Menurut Faondragö Zebua (Ama Yana),
anak Falaroi bernama Lari SumölaIagö Tanömempunyai anak dua:
dan Börödanö. Iagö Tanö berputera Ba’usebua. Ba’usebua kawin denganBuruti Lama, saudari baginda Gea
(keturunan Daeli) di Tölamaera, anaknya empat: Lafoyolatio,Lanö, Hinou Manofu, Manofugabua. Keturunan mereka menyebar: Lafoyolatio tinggal di Ononamölö, Lanö
kembali ke Hiyambanua dan sebagian keturunannya pergi ke Laraga, Hinou Manofu
dan Manofugabua berdomisili di Luaha Moro’ö mendirikan Ononamölö dan Mazingö.
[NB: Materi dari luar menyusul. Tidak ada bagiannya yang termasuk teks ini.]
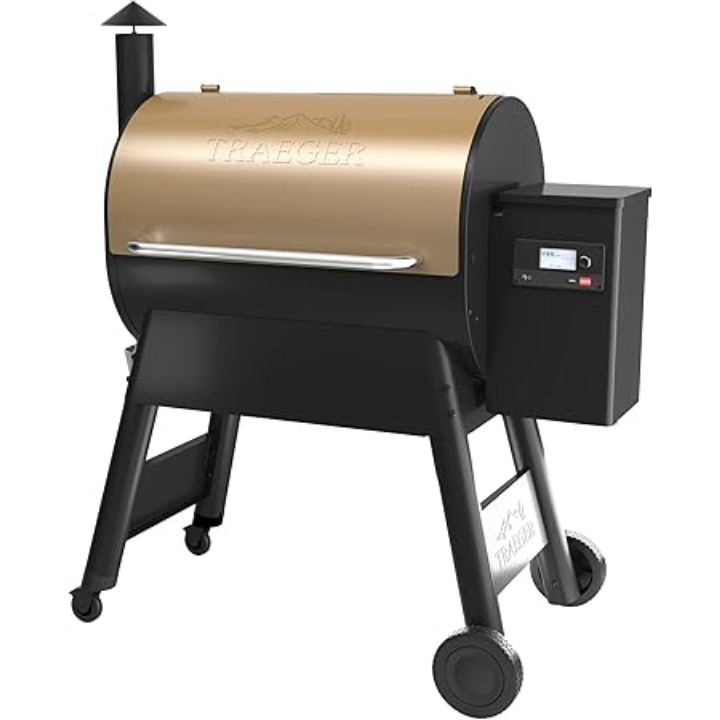 Traeger Pro Series 22 Pellet Grill & Smoker Bronze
SedangBörödanö menjadi leluhur
mado Zebua di Tetehösi Idanögawo (Zebua,
1996: 16-7).
Cerita versi Faogöli
Harefa agak berbeda. Cucu Siraso-Silögu yang tinggal di Hiyambanua bernama Lari
Sumöla mengembara hingga ke Tölamaera. Di sana dia kawin dengan Buruti Lama,
anaknya dua: I’agötanö dan Börönadö. Anak I’agötanö bernama Ba’u Sebua mempunyai
anak empat: Lafoyo Latio, Lanö, Manofu Gobua, Hino Manofu. Keturunan mereka
menyebar: Lafoyo Latio tinggal di Ononamölö, Lanö pergi ke Oyo, Manofu Gobua
pergi ke Luaha Moro’ö, Hino Manofu pergi ke Sowu. Cucu dari Ba’u Sebua menjadi
asal-usul mado Zebua (Harefa, 1939:
18).
Dalam kedua cerita
tersebut tersimpan sebuah misteri. Suami Buruti Lama menurut Faondragö Zebua
(1996) adalah Ba’usebua, sedang Faogöli Harefa (1939) mengatakan Lari Sumöla.
Untuk menyingkap misteri tersebut, tampaknya perlu penelusuran yang lebih luas
dan teliti terhadap silsilah keluarga (zura nga’ötö) para keturunan Sang Dewi
Bibit, meliputi: Zebua, Zega, Zai, Ziliwu, Hawa, dan lainnya.